Gerwani berawal dari enam organisasi perempuan daerah di Jawa yang bersatu menjadi Gerwis (Gerakan Wanita Sedar). Terdiri dari perempuan-perempuan dari partai nasionalis dan komunis, tujuan pembentukan organisasi ini adalah sebagai tempat berkumpul perempuan-perempuan yang "sadar" terhadap partisipasi aktif perempuan dalam masyarakat terlepas dari urusan rumah tangga dan pernikahan.

Pada tahun 1954, mereka memutuskan untuk menjadi lebih aktif dalam kegiatan politik dan akhirnya mengubah nama mereka menjadi Gerwani.  Awalnya mereka adalah organisasi bebas. Namun kegiatan mereka banyak dipengaruhi oleh paham sosialisme hingga membuat mereka lebih condong ke aliran kiri. Posisi politik organisasi ini dipaksa dibuat jelas saat Presiden Soekarno mengumumkan bahwa setiap organisasi wajib berada dalam tiga kubu politik utama: Nasionalis, Komunis, atau Agamis. Gerwani pun akhirnya bergabung ke dalam PKI, meski dengan keberatan banyak anggota, karena Aidit menjanjikan akan membuat program pemberdayaan perempuan jika PKI menang di pemilu.

Namun, nyatanya, setelah itu kebutuhan Gerwani sebagai organisasi individu tidak lagi diperhatikan begitu PKI dan Aidit sibuk mempersiapkan invasi Malaysia yang direncanakan oleh Soekarno. Anggota Gerwani dianggap sebagai anggota PKI umumnya dan diminta membantu rencana besar partai alih-alih mengurusi agenda individual. Hal inilah yang membuat anggota Gerwani ada di Lubang Buaya pada tanggal 30 September.

Mural anggota Gerwani melakukan Tari Harum Bunga pada peristiwa G 30S/PKI

Setelah peristiwa tersebut, Gerwani dibubarkan bersamaan dengan diberantasnya PKI. Anggotanya ditangkapi dan dipenjara tanpa diadili. Banyak juga yang dibunuh dan diperkosa hingga tewas. Begitu dibebaskan pun, pergerakan mereka dipantau intel negara dan mereka hidup dengan membawa label "eks-tapol". Rumor tentang mereka yang menari erotis seraya melecehkan dan membunuhi para jenderal tersebar luas dan menjadi simbol "perempuan nakal" hingga saat ini. Padahal, begitu ditelisik lebih jauh, dari pakaian tujuh jenderal yang tewas tidak ditemukan tanda-tanda kastrasi yang dituduhkan dilakukan oleh anggota Gerwani.

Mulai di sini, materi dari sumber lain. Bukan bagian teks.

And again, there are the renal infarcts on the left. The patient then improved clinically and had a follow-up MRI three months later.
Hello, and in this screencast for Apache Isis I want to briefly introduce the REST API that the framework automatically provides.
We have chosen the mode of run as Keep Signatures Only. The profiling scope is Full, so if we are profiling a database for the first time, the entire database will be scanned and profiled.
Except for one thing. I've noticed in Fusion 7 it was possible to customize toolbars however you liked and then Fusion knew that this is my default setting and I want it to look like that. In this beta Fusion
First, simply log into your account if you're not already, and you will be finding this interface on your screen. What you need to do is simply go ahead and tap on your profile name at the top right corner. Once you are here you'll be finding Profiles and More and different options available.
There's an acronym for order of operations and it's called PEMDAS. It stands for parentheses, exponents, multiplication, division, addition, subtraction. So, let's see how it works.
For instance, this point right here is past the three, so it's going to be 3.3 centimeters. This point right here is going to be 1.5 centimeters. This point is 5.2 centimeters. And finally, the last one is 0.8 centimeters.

Menurut pengakuan anggota yang hadir di Lubang Buaya waktu itu, jenderal-jenderal tersebut telah meninggal saat datang di Lubang Buaya, kemudian beberapa dari perempuan yang hadir diperintahkan untuk menari dan berteriak-teriak di tanah lapang seraya direkam oleh anggota militer yang hadir. Kemudian hasil rekaman itulah yang dijadikan bukti Tarian Harum Bunga yang konon dilakukan sebelum para perempuan mengkastrasi kelamin para jenderal dan membunuh mereka. Aksi binal tersebut kemudian diabadikan di mural peringatan kekejaman G 30S/PKI di Lubang Buaya dan nama Gerwani selamanya tercemar.

Sejarah Perempuan dalam Fiksi

The Crocodile Hole merupakan novelisasi dari hasil disertasi Saskia Wieringa mengenai topik yang sama. Novel ini sebagian besar merupakan kisah nyata kejadian yang dialami oleh penulis selama mengerjakan disertasinya di Indonesia. Hasil disertasi itu akhirnya diubah menjadi bentuk fiksi karena dia yakin bahwa fiksi akan lebih banyak dibaca dibanding disertasi yang bersifat ilmiah.

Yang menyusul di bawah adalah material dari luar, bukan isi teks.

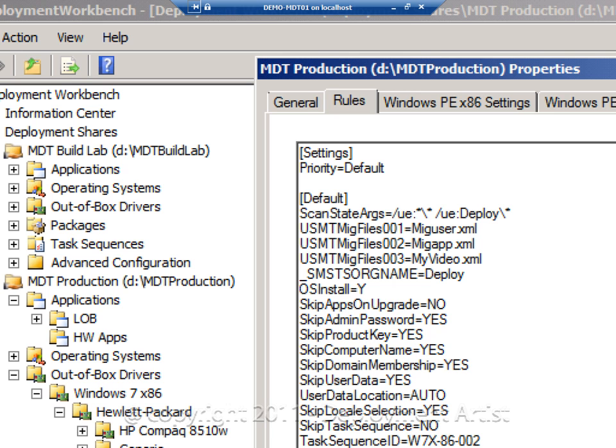Now I am telling MDT to use additional templates and additional switches with the ScanState command.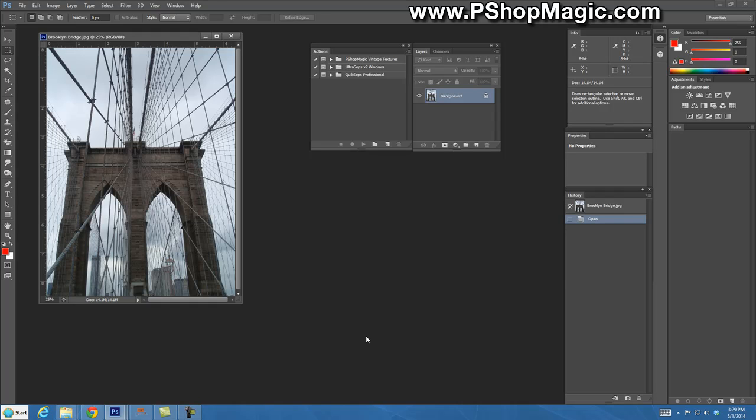In this video I'm going to go over how to use a new action set I have available for free download at pshopmagic.com called sketch-o-matic. What that's going to do is convert any type of photograph into a pencil style sketch type drawing to a charcoal pastel type effect depending upon the settings that you choose.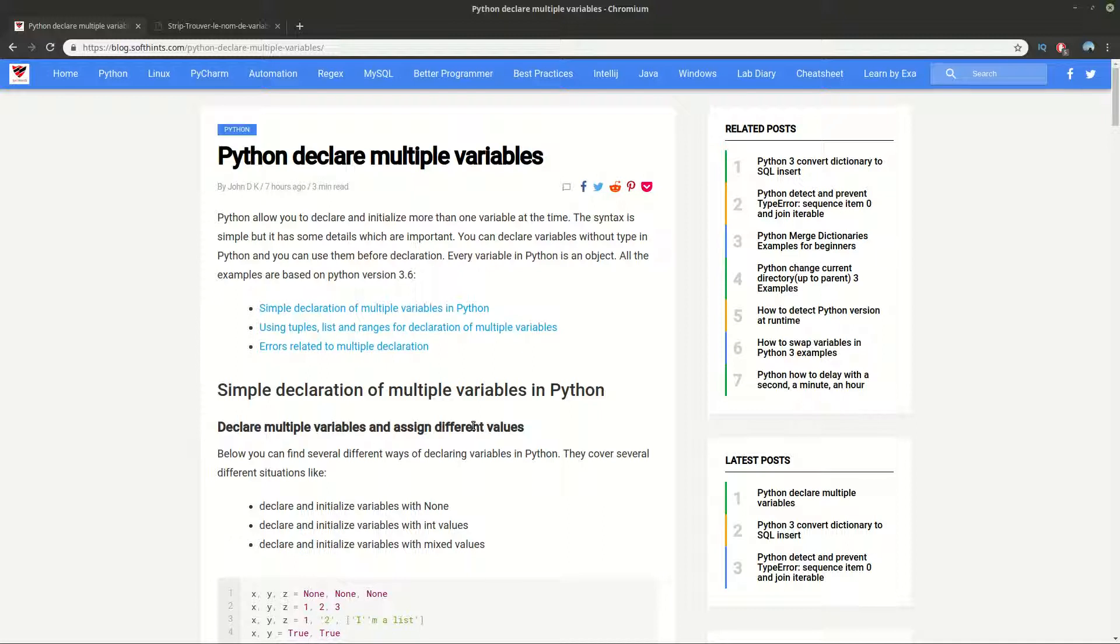Hello clever programmers and welcome to SoftHints. In this video I want to share with you how to declare multiple variables in Python and how to do the right way and what should be avoided.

Tidak seperti kebanyakan penulis nonfiksi yang terasa kaku saat menulis fiksi, novel The Crocodile Hole ditulis layaknya kisah sastra. Narasinya halus dan indah dengan plot maju-mundur antara saat-saat Tommy dipenjara dan saat dia menyelidiki peristiwa 1965. Membaca novel ini tidak seperti membaca hasil laporan tentang Gerwani. Pun mungkin akan banyak yang kecewa jika mengira novel ini seluruhnya tentang fakta-fakta terkait Gerwani.

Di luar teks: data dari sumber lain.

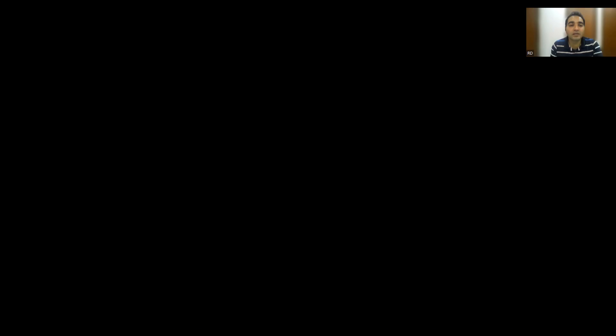In this video we will be telling you about a very important Chrome extension that will help you to browse online with privacy, will not save your data, and will help you get rid of malware attacks. The Chrome extension I'm talking about is SquareX.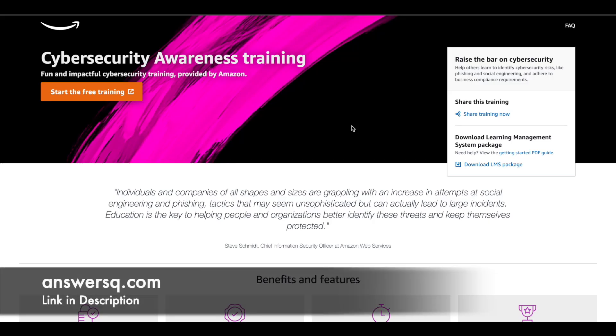Hi buddy, welcome to AnswersQ. Amazon is offering free cybersecurity awareness training to everyone who wants to know more about cybersecurity at free of cost.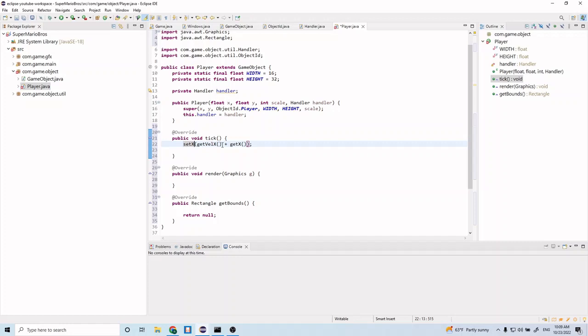The tick method is basically the update function. Every tick we want to update the x position to our current x position plus whatever velocity we're at. So if our velocity is 1, every tick we update x by 1. If our current x is 0 and velocity x is 1, we do 0 plus 1 equals 1, set x to 1. Then next tick x is 1, velocity x is still 1, so we get 2, then 3, 4, 5, 6, 7 — the x position keeps updating one by one.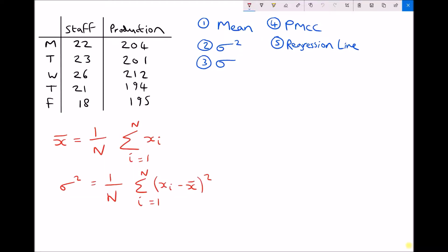In this video we're going to revisit some of the statistical techniques that we've already seen, but in addition we're going to look at how we can plot scatter graphs and how we can find the correlation between two sets of data. So let's begin with a scenario where a production manager wants to see if the number of staff he employs on a given day has any correlation to the amount of overall production.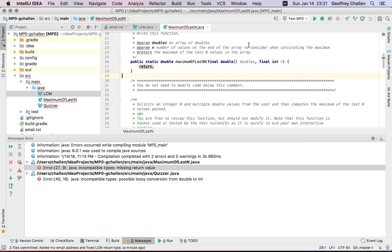That's the process of committing. Commit frequently — commit early, commit often. Make this part of your standard workflow. Anytime you earn a few more points on the assignment, commit your work and describe what you did. And of course, you definitely need to commit before you submit your work, because the commits are the things that we're actually going to grade.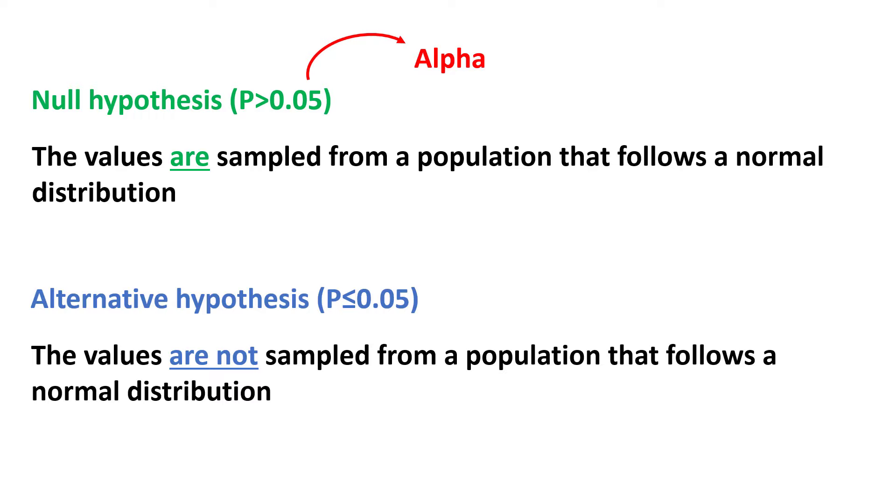Therefore, the sample data is not inconsistent with a normal distribution. If the p-value from the normality test is less than or equal to 0.05, then we can reject the null hypothesis and accept the alternative hypothesis. Therefore, the sample data is not sampled from a normal distribution.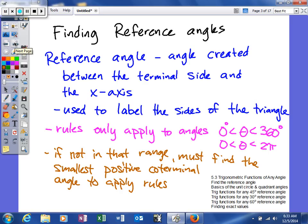First, we're going to define reference angles. A reference angle is the angle created between the terminal side of your angle and the x-axis. This is the angle we use to label our triangles so we can find the different trig function values. The rules I'm about to teach you only apply to angles between 0 and 360 degrees, or 0 and 2 pi. If your angle is not in that range, you must find the smallest positive coterminal angle before applying the rules.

Dalam novel ini, pembaca akan lebih banyak diajak menyelami kehidupan Tommy si jurnalis menelaah pertentangan idealismenya (yang bukan seorang komunis serta dibesarkan oleh seorang kakek yang cauvinist), hasrat seksualnya (pada kekasih teman baiknya), kemungkinan orang-orang yang melaporkan penyelidikannya ke yang berwenang (yang, sayangnya, semuanya adalah orang-orang yang dihormati dan dipercayainya di Indonesia), serta siapa yang akan bisa membantunya keluar dari tahanan (sisa dari siapa pun yang bisa dipercaya). Membaca The Crocodile Hole sesungguhnya adalah membaca Tommy, dan apa yang hendak disampaikannya mengenai fitnah-fitnah terhadap anggota Gerwani pada tahun 1965.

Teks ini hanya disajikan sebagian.